Ehrenamtliche der KAB beschenkten LKW-Fahrer:innen

Rastplätze gesucht – ein Bericht von Michaela Bans (Kirche im WDR) über den ausbeuterischen Alltag von LKW-Fahrer:innen

(c) Gulbins
Datum:
Mi. 31. Jan. 2024

2 Meter 35. Das ist die maximal erlaubte Länge einer LKW-Fahrerkabine. Und da muss alles reinpassen: ...

... der Fahrersitz als Arbeitsplatz und Fernsehsessel, das Bett für die Pausen, zum Schlafen, essen, lesen, Emails schreiben. Die komplette Wäsche für einige Wochen muss rein, die frische, die schmutzige und die nasse. Und eine improvisierte Küche muss in der Fahrerkabine Platz finden. Und natürlich der Mensch, der auf diesen paar Quadratmetern arbeitet, und oft wochenlang lebt.

Seit einigen Monaten fahre ich anders über die Autobahn. Ich sehe die vollen Parkplätze. Und die LKW’s, die zum Teil auf dem Standstreifen stehen, weil sie auf keinen Parkplatz mehr kommen. Und ich weiß: Da verbringen gerade Menschen ihren fahrfreien Sonntag auf engstem Raum, mitten an der lauten Autobahn.

Mitte Dezember haben 1700 dieser LKW-Fahrer, ein paar von ihnen sind Fahrerinnen, Besuch bekommen. Im ganzen Bistum Münster – vom Oldenburger Land im Norden bis zum Niederrhein im Süden, haben sich Frauen und Männer der KAB auf den Weg gemacht, um möglichst viele Park- und Rastplätze des Bistums zu besuchen. Die KAB ist ein katholischer Verband, der sich für Arbeitnehmerrechte einsetzt. Etliche Ehrenamtliche hatten Wochen vorher ehrenamtlich Spenden gesammelt, um Geschenktüten packen und verteilen zu können - mit Grüßen in 13 Sprachen, Schokolade, Keksen, Duschmarken. Luxusartikel für Menschen, die nicht mal den Mindestlohn bekommen, weil sie nicht bei deutschen Unternehmen angestellt sind, sondern im Ausland, wo andere Regeln gelten. Das Land, aus dem sie kommen, oft tausende Kilometer entfernt. Zugleich leben und arbeiten diese Männer und Frauen oftmals monatelang am Stück ausschließlich auf deutschen Straßen. Fahren hier unsere Waren vom deutschen Unternehmen A zum deutschen Unternehmen B. Sie müssen unsere Preise zahlen.

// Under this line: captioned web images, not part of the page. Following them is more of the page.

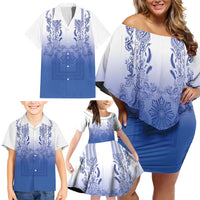 Philippines Barong Style Family Matching Off Shoulder Short Dress and Hawaiian Shirt with Polynesian Art and Leaf Motif Blue Color LT03 - Polynesian Pride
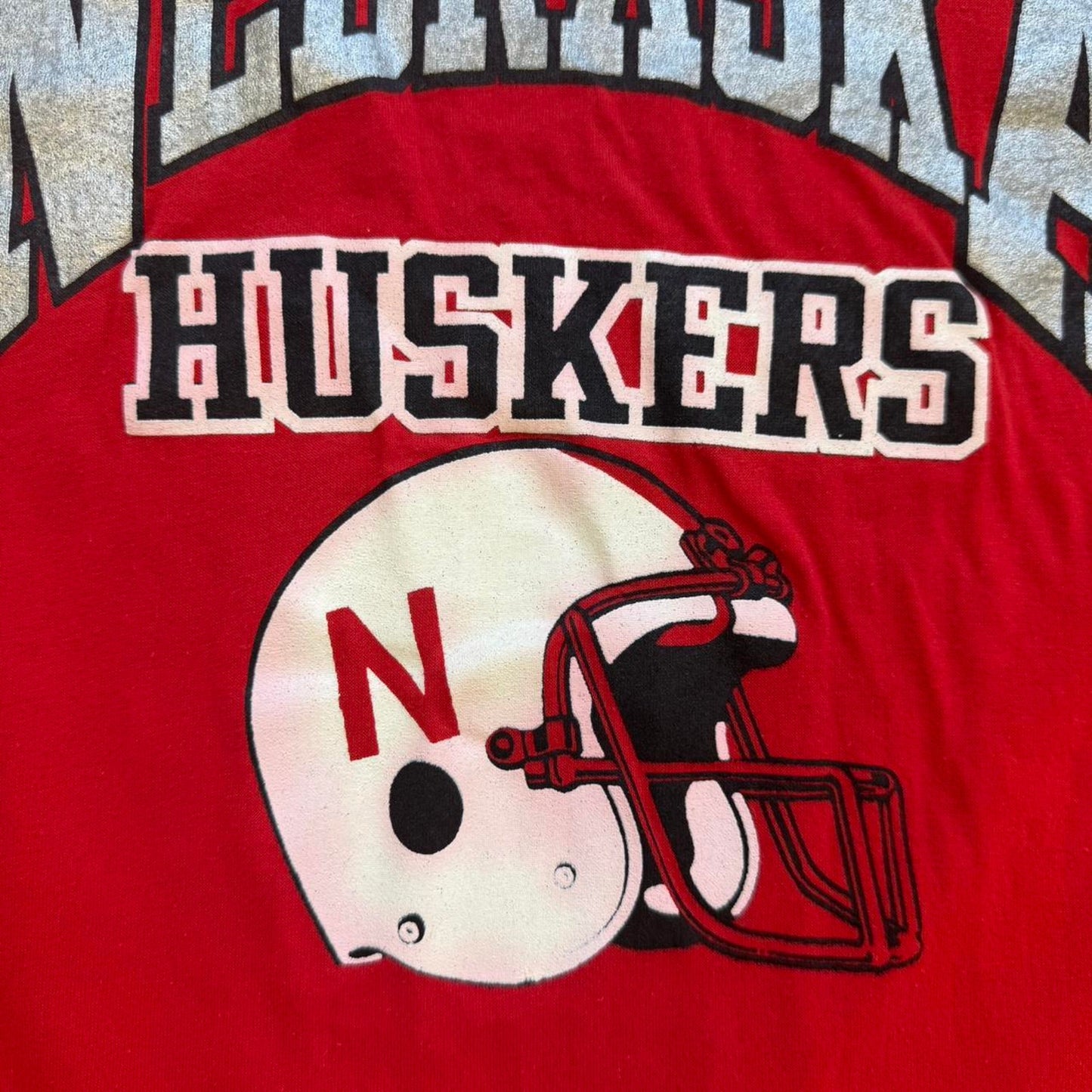 Vintage 80s Nebraska Huskers Champion Helmet T-Shirt - Large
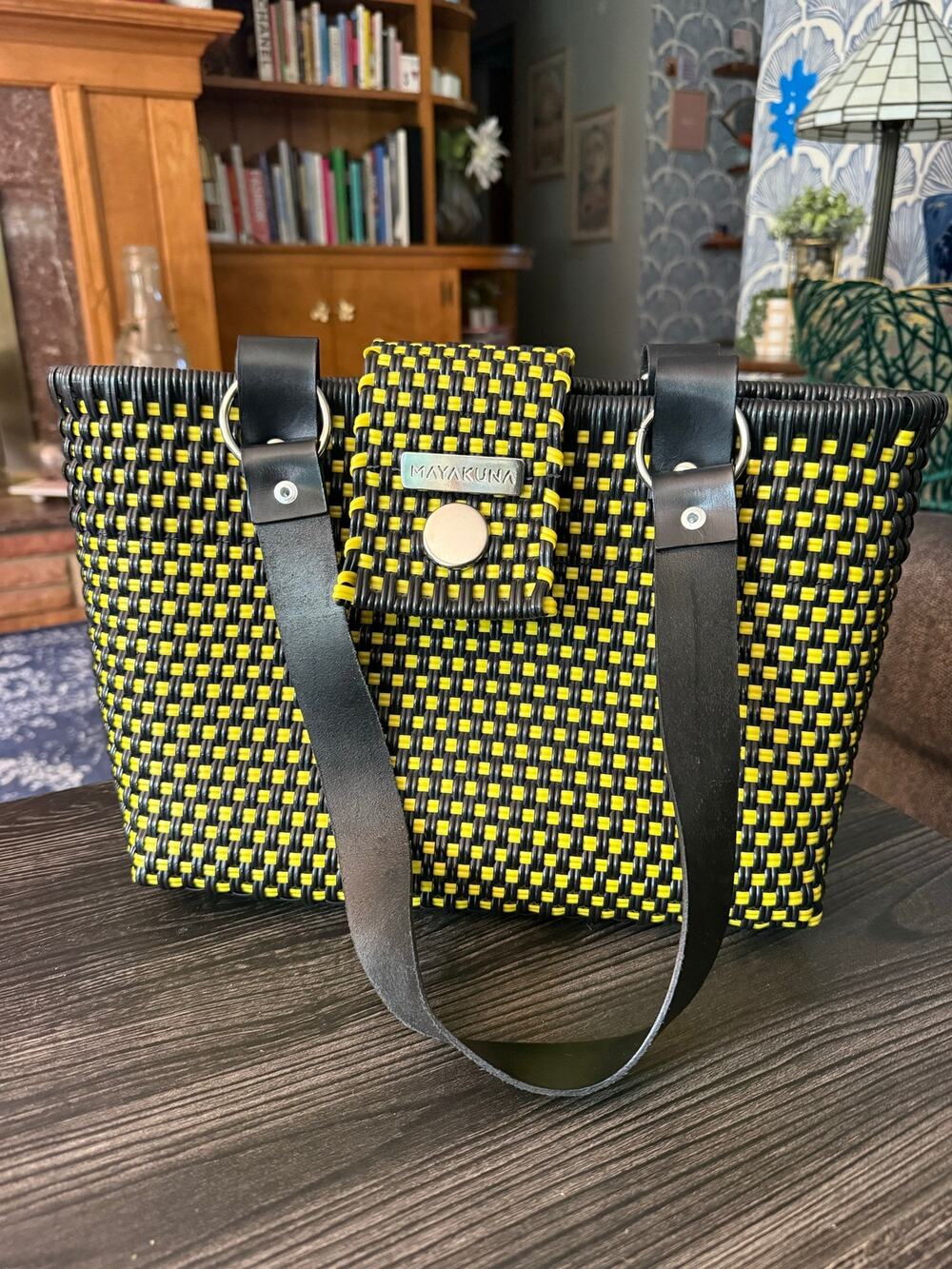 MAYAKUNA Handwoven Mexican Artisan Woven Tote Bag Yellow & Black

Nur unsere Arbeitsrechte gelten für sie nicht.

An diesem Sonntag im Dezember klopfen also Wildfremde sozusagen an die Schlafzimmertür dieser Fahrer. Und beim Anklopfen gabs reichlich nervöses Herzklopfen: „Wie werden die LKW-Fahrer reagieren? Was sollen wir sagen? Finden sie das gut, dass wir sie beschenken? Oder schicken sie uns weg?“ Solche Fragen gingen vielen durch den Kopf, an diesem Dezembertag. Und auf der anderen Seite der Tür herrscht tatsächlich oft auch erstmal Unsicherheit. Wer sind diese Menschen und was wollen die? In den meisten Fällen ist der Bann schnell gebrochen. Es gibt Tränen der Rührung. Es gibt Gespräche – irgendeine gemeinsame Sprache findet sich immer. Fotos von der Familie werden gezeigt. Lebensgeschichten erzählt, zumindest Teile davon, mit Händen und Füßen. Klar: Manche Begegnungen sind auch ganz kurz, ein bisschen beschämt. Schenken und sich beschenken zu lassen kostet Mut. Und an eine fremde Tür zu klopfen erst recht. Aber nur mit Mut lässt sich was verändern. Und für die Beteiligten hat sich was verändert: Wer an diesem Tag dabei war, fährt nicht mehr gedankenlos an den LKW-Schlangen vorbei. Weil klar ist, da arbeiten und leben Menschen drin. Zum Teil unter Bedingungen, die einen fassungslos machen. Als nächstes verschicken eben diese Männer und Frauen der KAB Briefe mit Forderungen. An Politikerinnen und Politiker im ganzen Land. Auf dass alle Menschen, die auf den gleichen Autobahnen in unserem Land arbeiten, auch die gleichen Rechte erfahren. Es ist der Mut solcher Männer und Frauen gewesen, der immer wieder Arbeitsrechte, Menschenrechte erkämpft hat. Wie gut, dass sie nicht damit aufhören. Wie gut, dass Mut immer wieder nachwächst.